Department of Computer Science and Engineering, Indian Institute of Technology Madras, Chennai, India.
Prog Brain Res. 2013;202:465-88. doi: 10.1016/B978-0-444-62604-2.00023-X.
Reinforcement Learning (RL) is a popular paradigm for sequential decision making under uncertainty. A typical RL algorithm operates with only limited knowledge of the environment and with limited feedback on the quality of the decisions. To operate effectively in complex environments, learning agents require the ability to form useful abstractions, that is, the ability to selectively ignore irrelevant details. It is difficult to derive a single representation that is useful for a large problem setting. In this chapter, we describe a hierarchical RL framework that incorporates an algebraic framework for modeling task-specific abstraction. The basic notion that we will explore is that of a homomorphism of a Markov Decision Process (MDP). We mention various extensions of the basic MDP homomorphism framework in order to accommodate different commonly understood notions of abstraction, namely, aspects of selective attention. Parts of the work described in this chapter have been reported earlier in several papers (Narayanmurthy and Ravindran, 2007, 2008; Ravindran and Barto, 2002, 2003a,b; Ravindran et al., 2007).

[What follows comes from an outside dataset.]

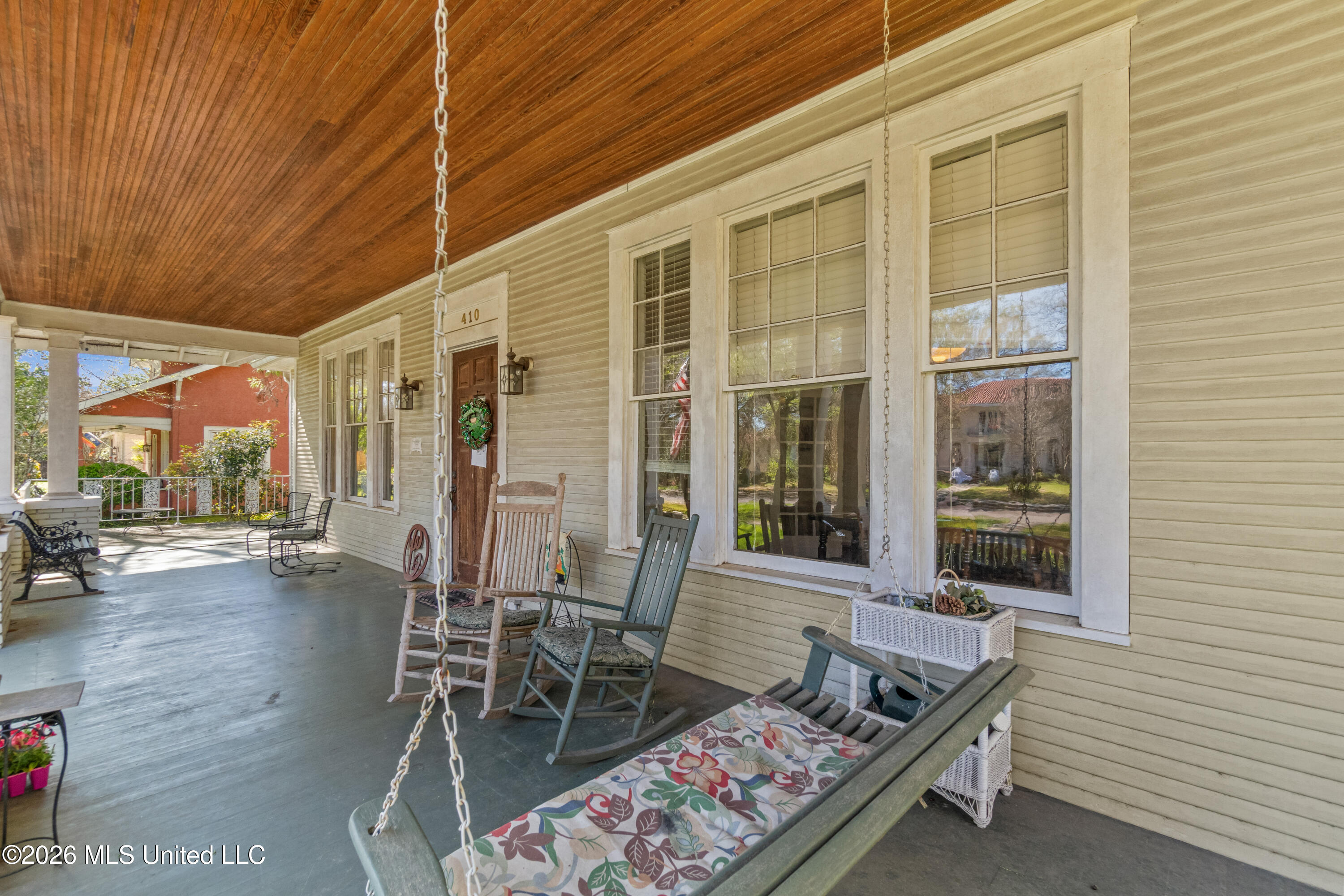 410 4th Avenue Property Photo 4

强化学习(RL)是一种在不确定环境下进行序列决策的流行范例。典型的 RL 算法仅对环境有有限的了解,并且对决策质量的反馈也有限。为了在复杂环境中有效运作,学习代理需要形成有用的抽象的能力,即选择性忽略不相关细节的能力。很难推导出对大型问题设置有用的单一表示形式。在本章中,我们描述了一个分层 RL 框架,该框架包含用于对任务特定抽象进行建模的代数框架。我们将探索的基本概念是马尔可夫决策过程(MDP)的同态。我们提到了基本 MDP 同态框架的各种扩展,以适应不同的通常理解的抽象概念,即选择性注意的各个方面。本章中描述的部分工作已在几篇论文中进行了报道(Narayanmurthy 和 Ravindran,2007 年,2008 年;Ravindran 和 Barto,2002 年,2003a,b;Ravindran 等人,2007 年)。